A common data type in statistics is a categorical variable (i.e. a factor)

  • Can appear to be a character vector/column
    • Can easily trip an unsuspecting analyst up
  • Data will be a set of common groups/categories
pet_vec <- c("Dog", "Dog", "Cat", "Dog", "Bird", "Bird")
  • This is a character vector

Factors

  • We can simply coerce this to a vector of factors
  • Categories will automatically be assigned alphabetically using as.factor()
pet_factors <- as.factor(pet_vec)
pet_factors

We can manually set these categories as levels using factor()
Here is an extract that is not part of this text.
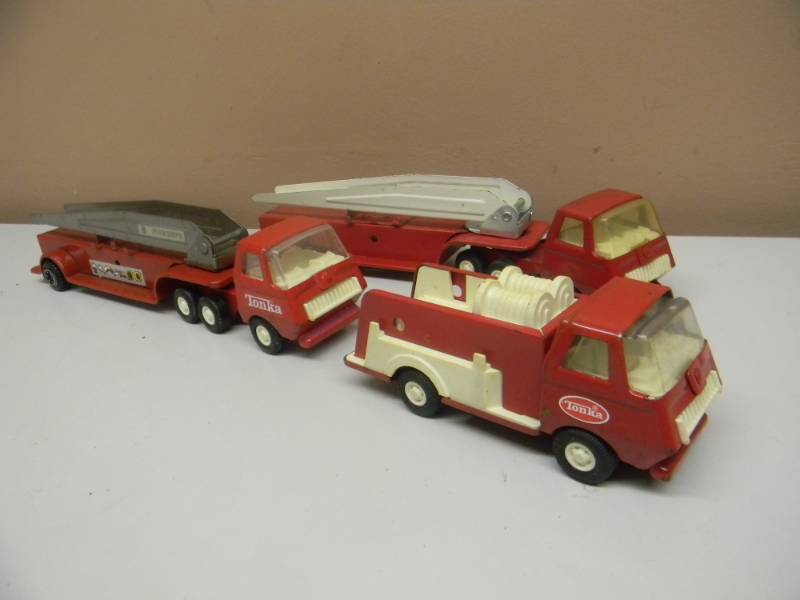 lot 6 image: VINTAGE TONKA FIRE DEPT COLLECTION - SEE PICTURES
pet_factors <- factor(pet_vec, levels = c("Dog", "Cat", "Bird"))
pet_factors

Factors

  • These are actually stored as integers
  • Each integer corresponds to a level
str(pet_factors)
as.integer(pet_factors)
as.character(pet_factors)

The package forcats

  • forcats is a part of the core tidyverse
    • Specifically for wrangling factors
    • Also plays very nicely with stringr

Some Handy Tricks

  • fct_inorder() sets categories in the order they appear
    • Sort your data.frame then apply fct_inorder() for nice structured plots
fct_inorder(pet_vec)
  • fct_infreq() sets categories by their frequency
fct_infreq(pet_vec)

Some Handy Tricks

  • Collapse categories with fewer than n entries
fct_lump_min(pet_vec, min = 3)
  • Collapse categories with fewer than p entries
fct_lump_prop(pet_vec, prop = 0.3)
  • Reverse the order (will automatically coerce to a factor)
fct_rev(pet_vec)